* Problem
Pictures are to be left out, and only the lines below starting at the one with "Z dobrą energią" and ending at the one with "2017 GMC ACADIA" are to be reproduced, each exactly, both ends included.

* Recorded data
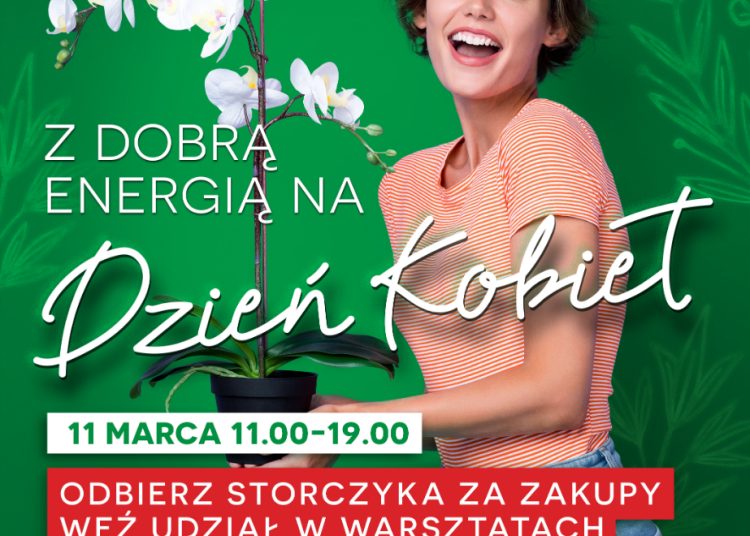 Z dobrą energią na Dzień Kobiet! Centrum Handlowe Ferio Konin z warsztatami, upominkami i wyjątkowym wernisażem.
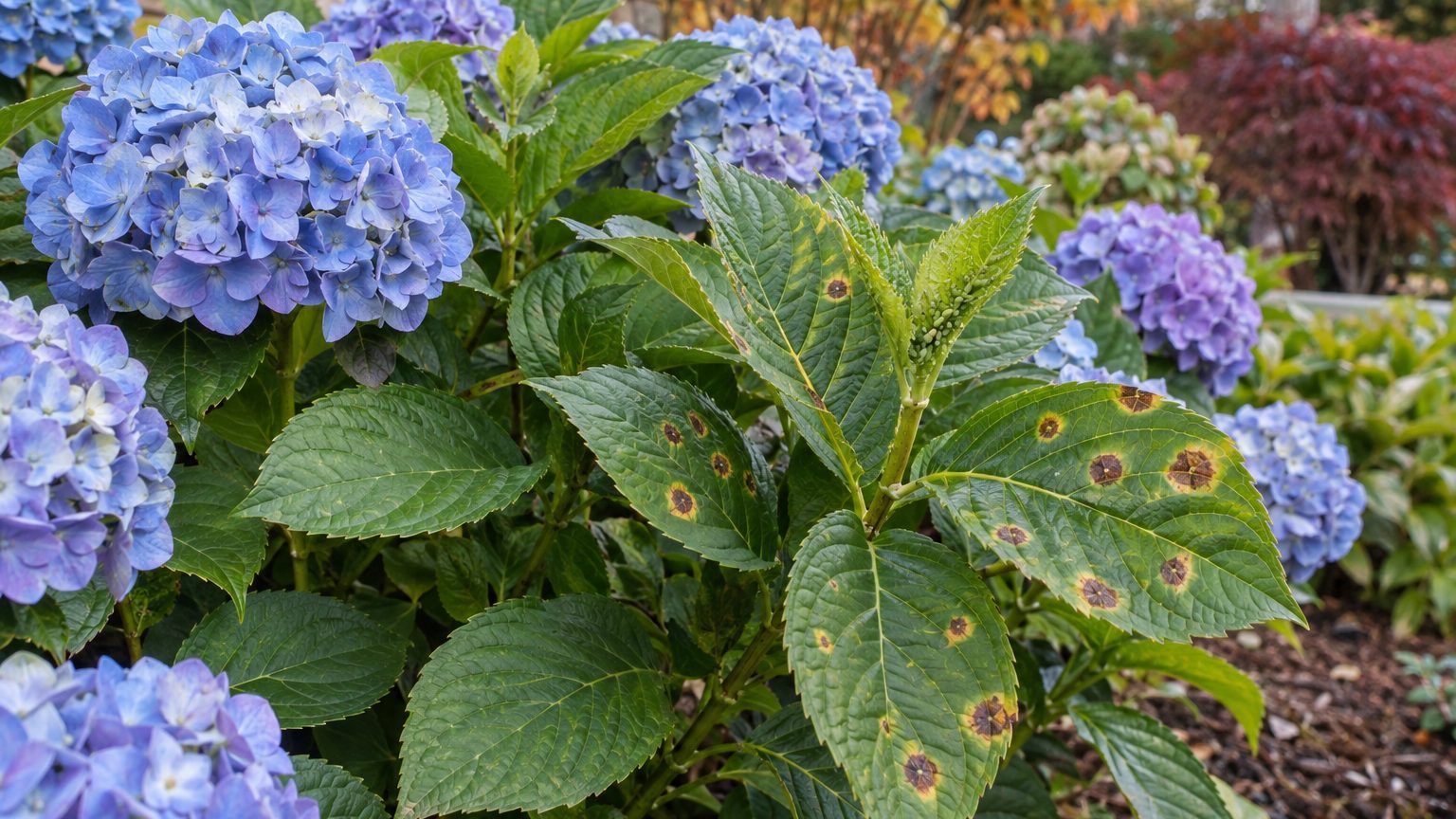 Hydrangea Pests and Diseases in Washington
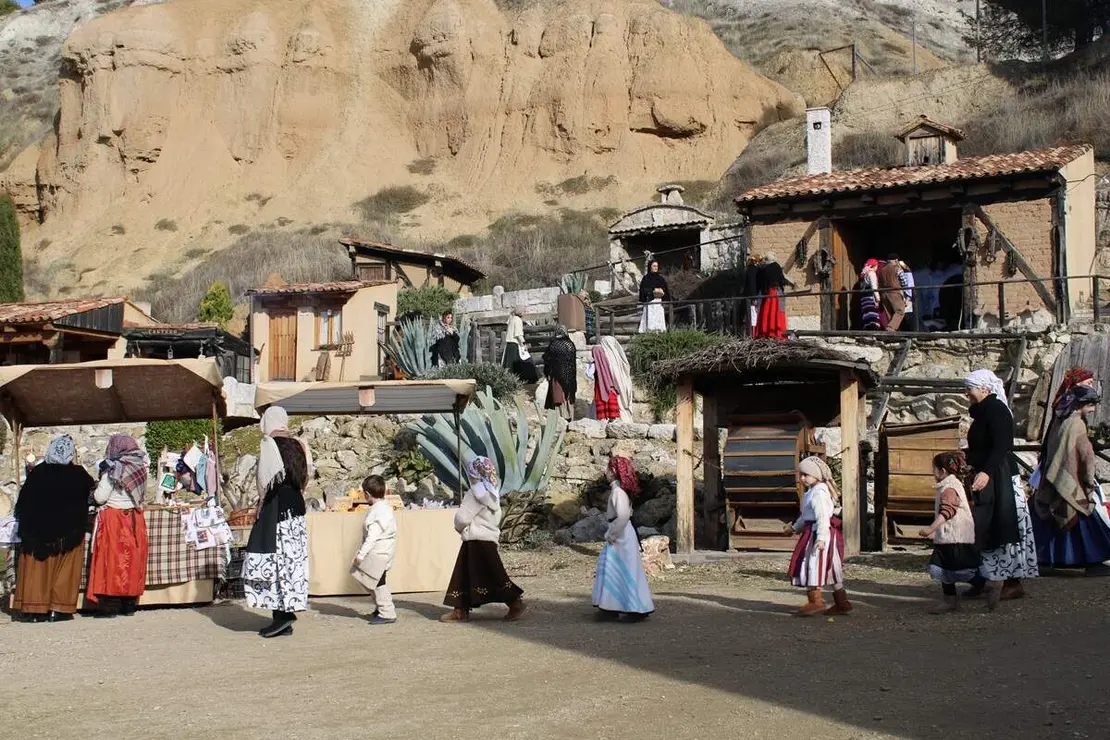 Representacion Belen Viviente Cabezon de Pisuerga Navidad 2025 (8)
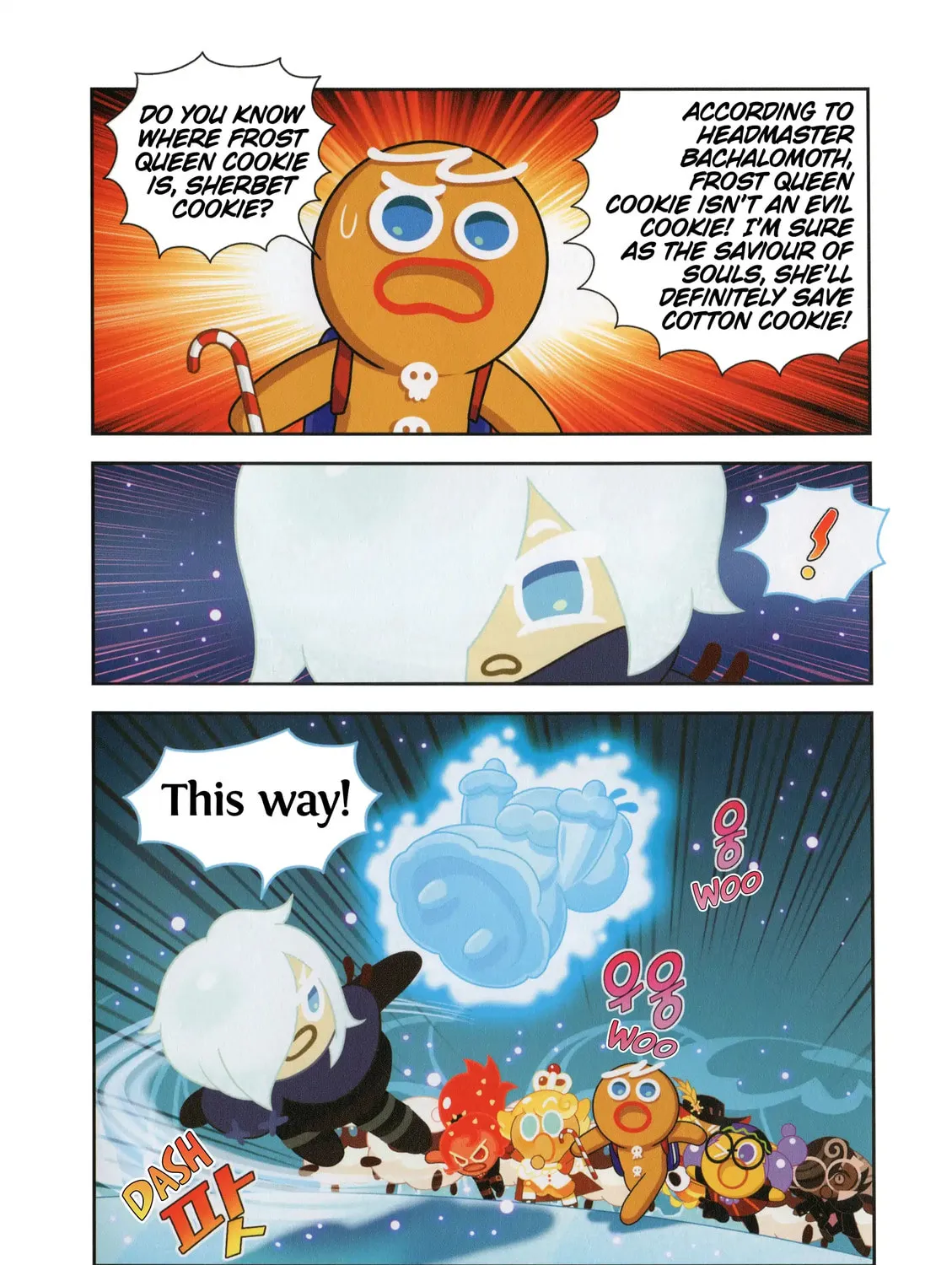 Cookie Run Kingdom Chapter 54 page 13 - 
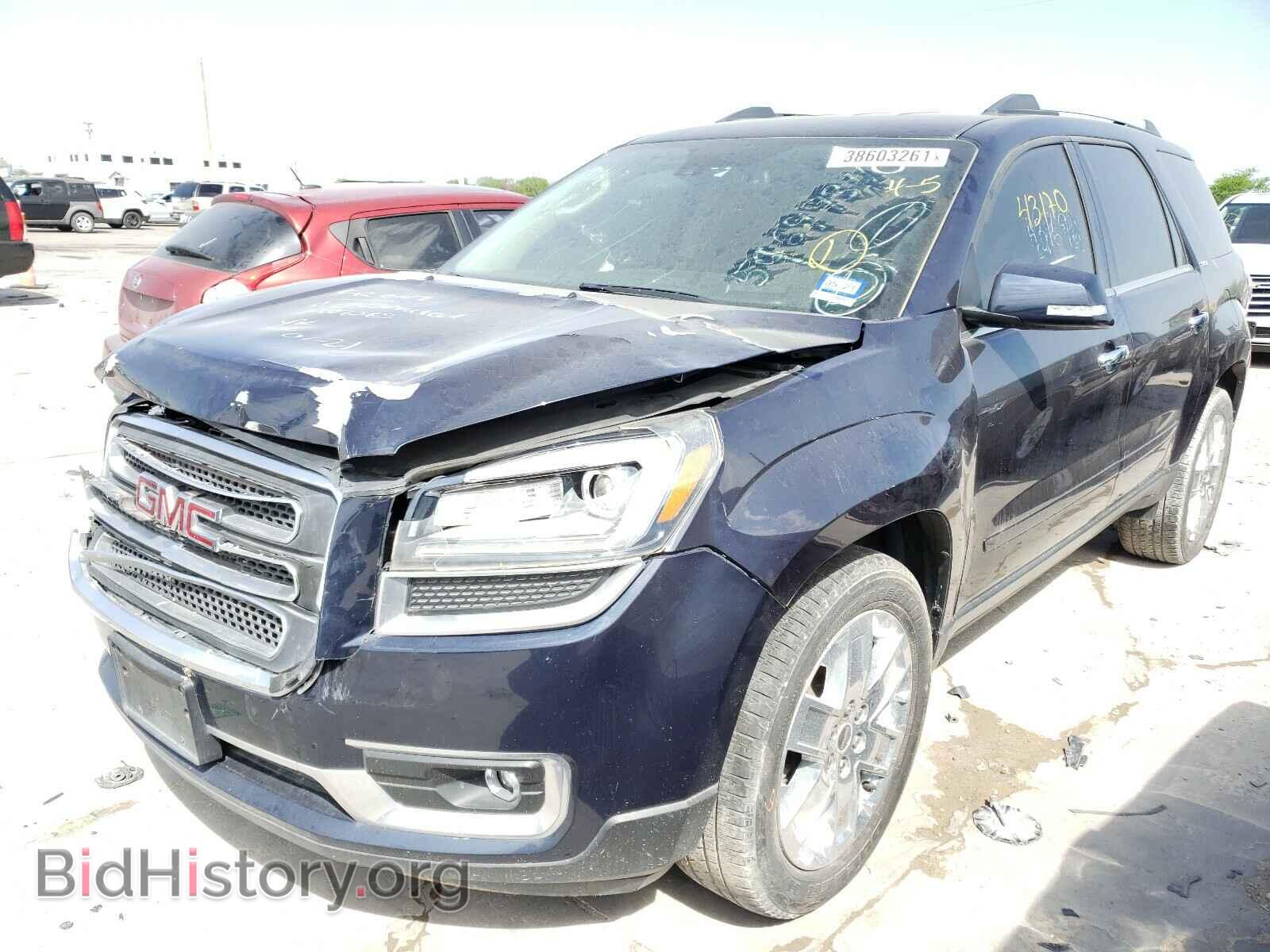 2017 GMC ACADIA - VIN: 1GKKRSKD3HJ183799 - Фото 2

...

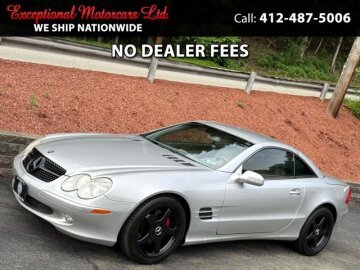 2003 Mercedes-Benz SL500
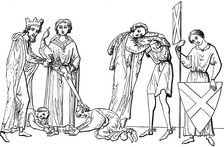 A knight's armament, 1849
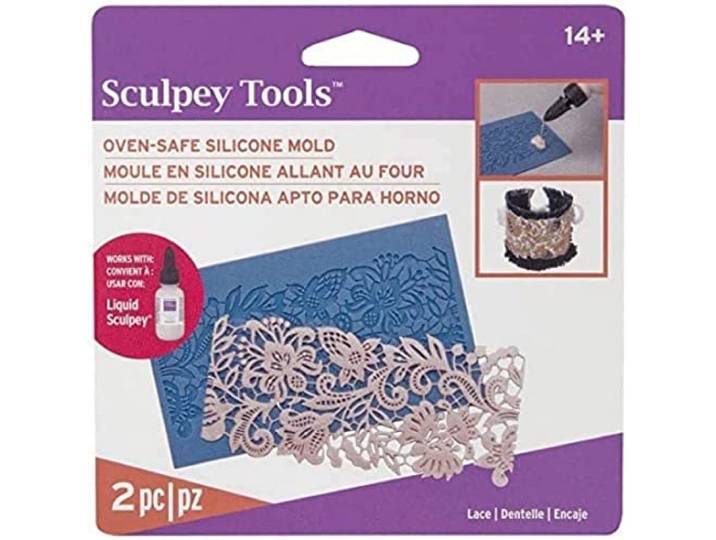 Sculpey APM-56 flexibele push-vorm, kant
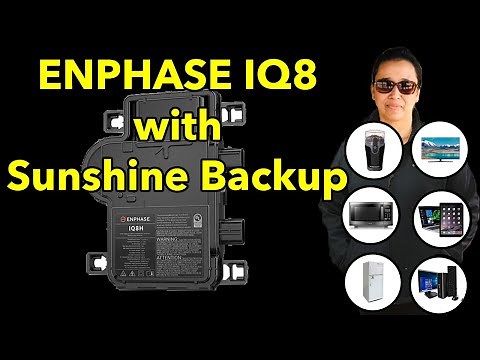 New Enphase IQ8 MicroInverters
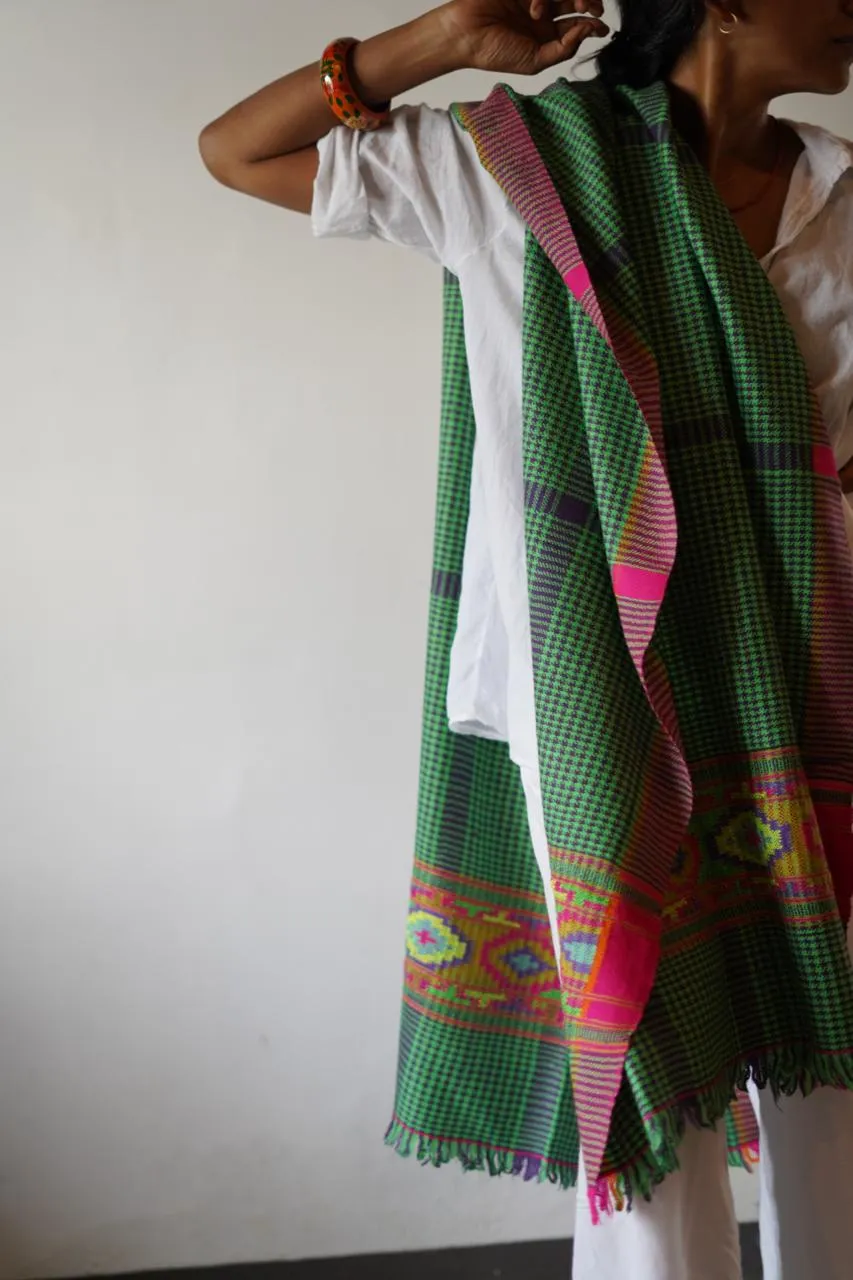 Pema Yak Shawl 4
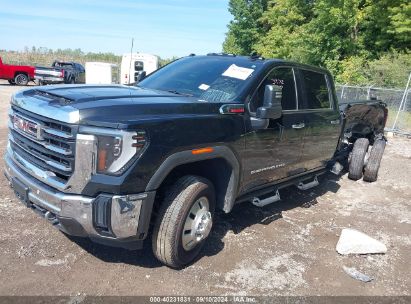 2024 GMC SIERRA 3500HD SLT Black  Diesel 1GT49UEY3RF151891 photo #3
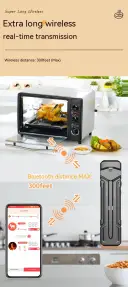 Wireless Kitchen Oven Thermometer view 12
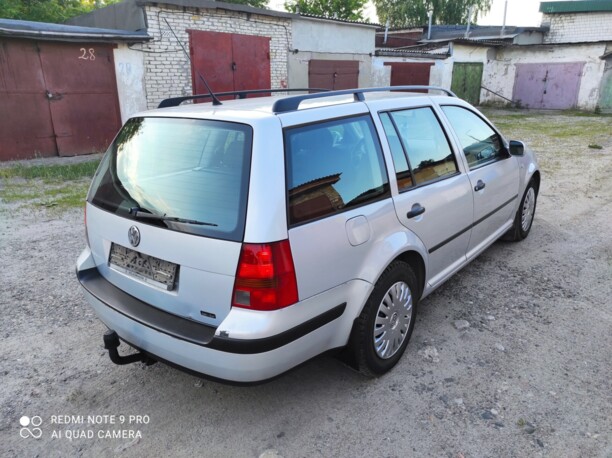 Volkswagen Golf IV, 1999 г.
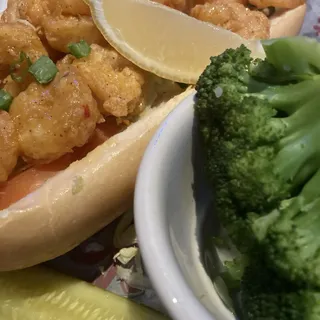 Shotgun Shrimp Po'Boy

* * *

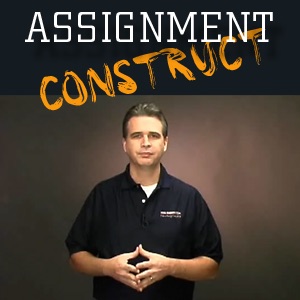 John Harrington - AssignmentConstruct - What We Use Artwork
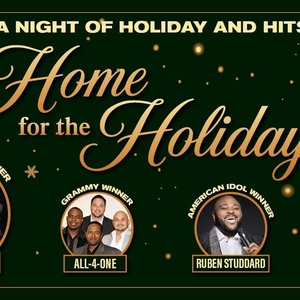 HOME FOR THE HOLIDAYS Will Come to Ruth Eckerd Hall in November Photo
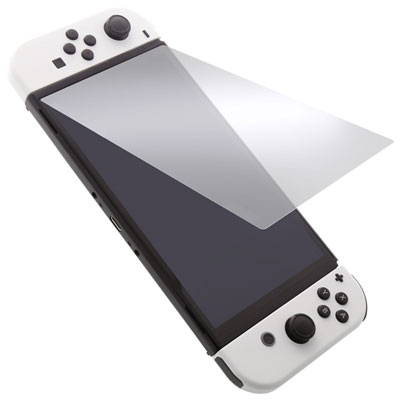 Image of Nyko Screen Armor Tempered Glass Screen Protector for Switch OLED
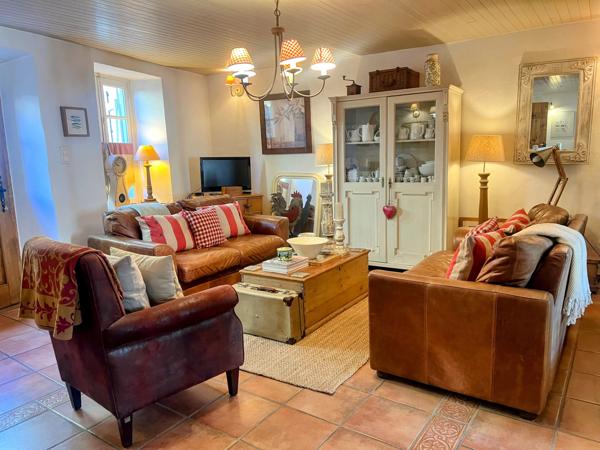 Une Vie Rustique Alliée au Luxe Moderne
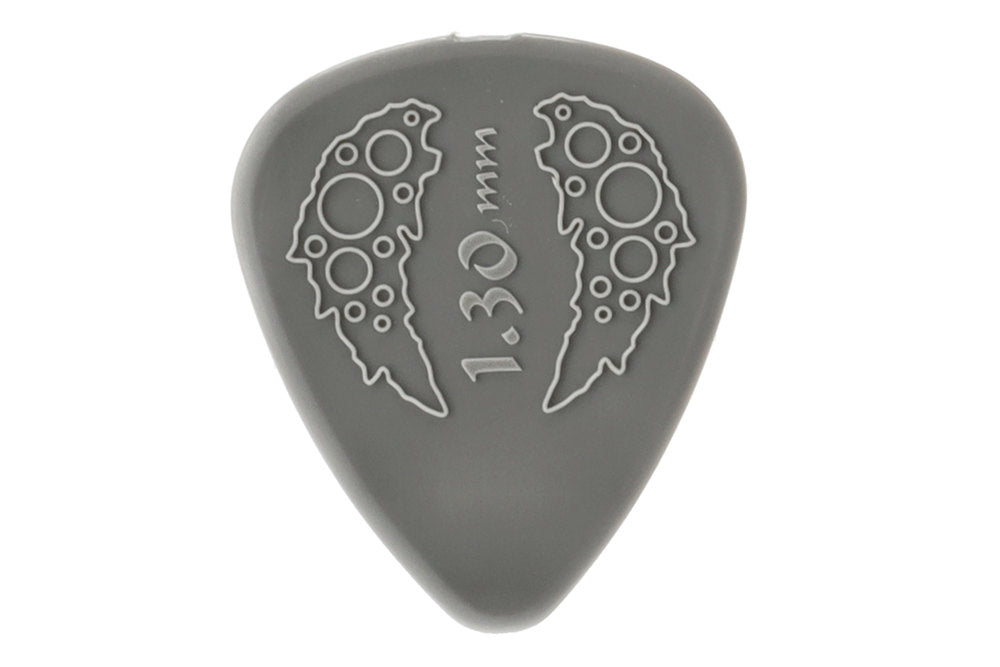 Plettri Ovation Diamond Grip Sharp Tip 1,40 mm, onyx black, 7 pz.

* The answer
 Z dobrą energią na Dzień Kobiet! Centrum Handlowe Ferio Konin z warsztatami, upominkami i wyjątkowym wernisażem.
 Hydrangea Pests and Diseases in Washington
 Representacion Belen Viviente Cabezon de Pisuerga Navidad 2025 (8)
 Cookie Run Kingdom Chapter 54 page 13 - 
 2017 GMC ACADIA - VIN: 1GKKRSKD3HJ183799 - Фото 2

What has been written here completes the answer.